ベルセンからの言葉でずっと自分が作った荷物を背負っていたが、肩の荷が下りた感覚を味わった。
心が洗われた感じがした。
__ベルセン…。
「…ありがとうベルセン。」
「とりあえず今は、警団を呼ぶような事をしてしまったから今は彼らに着いていけ。釈放されたらまた俺の所に来たらいい。また何か教えてあげるから。」
「はい…。」
その後、クロスは警団に捕らえられ少しの間だけ刑務所へ入る事になった。
事件後
「リコ、大丈夫だった?」
「全然平気よ。お陰で四十肩も治ったわ。」
「事件一つで四十肩が治るって事件中何してたの⁉︎しかも四十肩ってリコの年齢で患ってる人初めて聞いたんだけど⁉︎」
思わぬ事実に驚愕しつつも、リコが無事なのを確認できてホッとした。
警団の方々が事件後の後処理等をしてくれ、アリスとリコはやることがなくなったので帰宅する準備を始めていた。

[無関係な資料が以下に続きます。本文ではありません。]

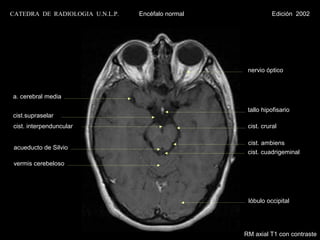 CATEDRA DE RADIOLOGIA U.N.L.P.   Encéfalo normal              Edición 2002




                                                    nervio óptico



a. cerebral media

                                                    tallo hipofisario
cist.supraselar
cist. interpenduncular                              cist. crural

                                                    cist. ambiens
 acueducto de Silvio
                                                    cist. cuadrigeminal
 vermis cerebeloso




                                                    lóbulo occipital




                                                   RM axial T1 con contraste
 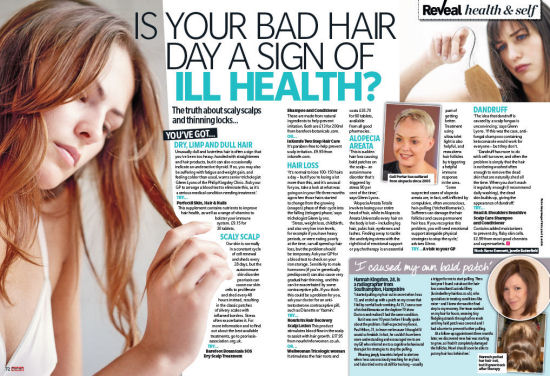 My weekly Trichotillomania article
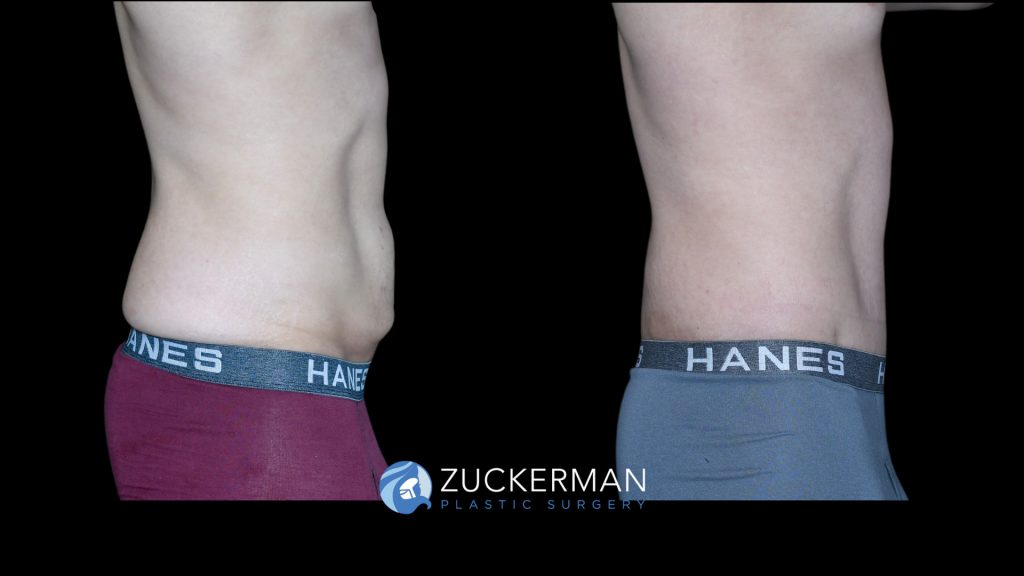 Patient before and after Circumferential Lift | Zuckerman Plastic Surgery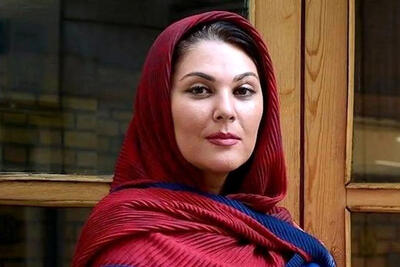  تغییر چهره لاله اسکندری بعد از عمل زیبایی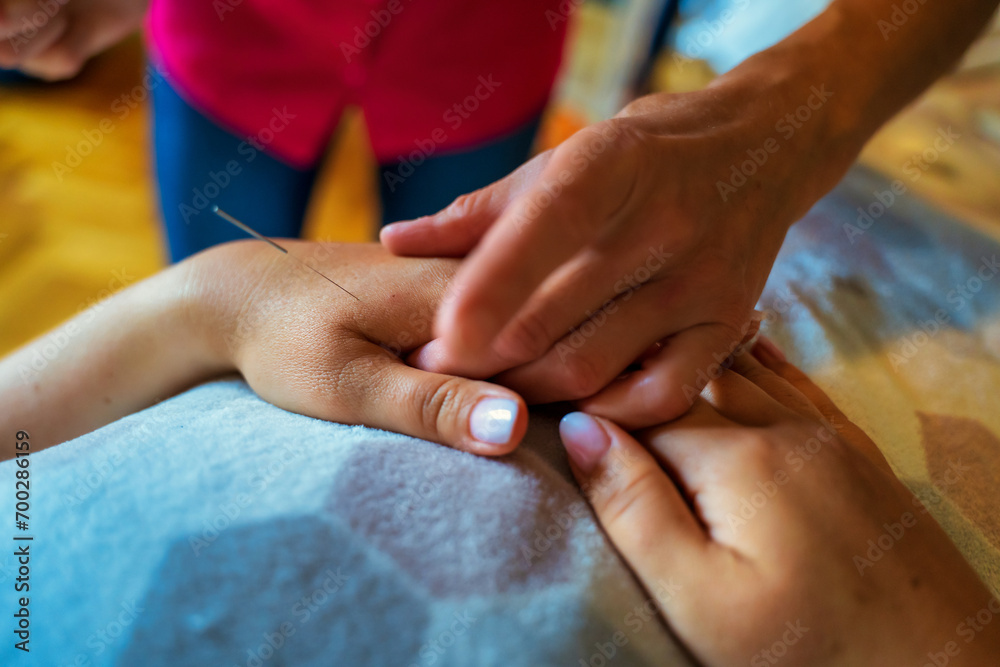 Acupuncture treatment on patient hand. Needles on hand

アリスは荷物をたくさん持ってきていなかったので、両手が空くぐらい空くぐらいだったが、リコは多めの荷物を持ってきてしまっていたために、不足物が無いか確認するのが数十分もかかってしまった。
ここでもアリスに「遅い、多すぎ」と言われ、リコはゲンコツを食らう羽目になった。
今まで通り痛かったが、四十肩が悪化したら嫌だからという理由で少しだけ威力を弱めたらしい。
アリスの僅かな配慮にリコは心の中で感謝した。
二人は荷物確認などを終わらせると、ベルセン商長や警団の方々に軽くお礼などを言いに行った。
「今日のことは本当にありがとうございました。」
「いやいや、お礼なんて言わなくてもいいよ。そもそも奴は今までにも窃盗とかたまに強盗とか犯してたし丁度捕まえられたし。むしろお礼を言うのはこっちだ。ありがとう。」
警団の団長だと思われる人が団を代表してお礼を言った。
お礼まわりを終えると、ふと、リコが何かを思い出した。
「それよりアリス、何か大事な事忘れてる気がするけど…覚えてない?」
「ごめん覚えてないや。」
「そう、ならいいわ。」
__んー、でも結構大事な事忘れてる気がするけどなぁ。
すると、二人の目の前に一匹の猫が現れた。
よく見ると口に何かを咥えていた。
その猫はアリスが探していた猫であり、リコが脳内で描いていたイメージと一致している。
「ニャオーン」
その猫の一言で二人は猫に向かって駆け出した。
「こら待て泥棒猫!私の物返せ!」
「やっと見つけた!猫ちゃん、ゴメンだけど魔法使うわ!猫派だけど!」
この日、二人はこの猫を捕まえるのにたくさんに人や店に迷惑をかけたとさ。
めでたしめでたし。
「「めでたしめでたしじゃないでしょーが!」」
なんとかして今回で終わらせるためにクロスの会話を多くしました。
改めて見返してみると「クロスの会話文長ッ」って思います。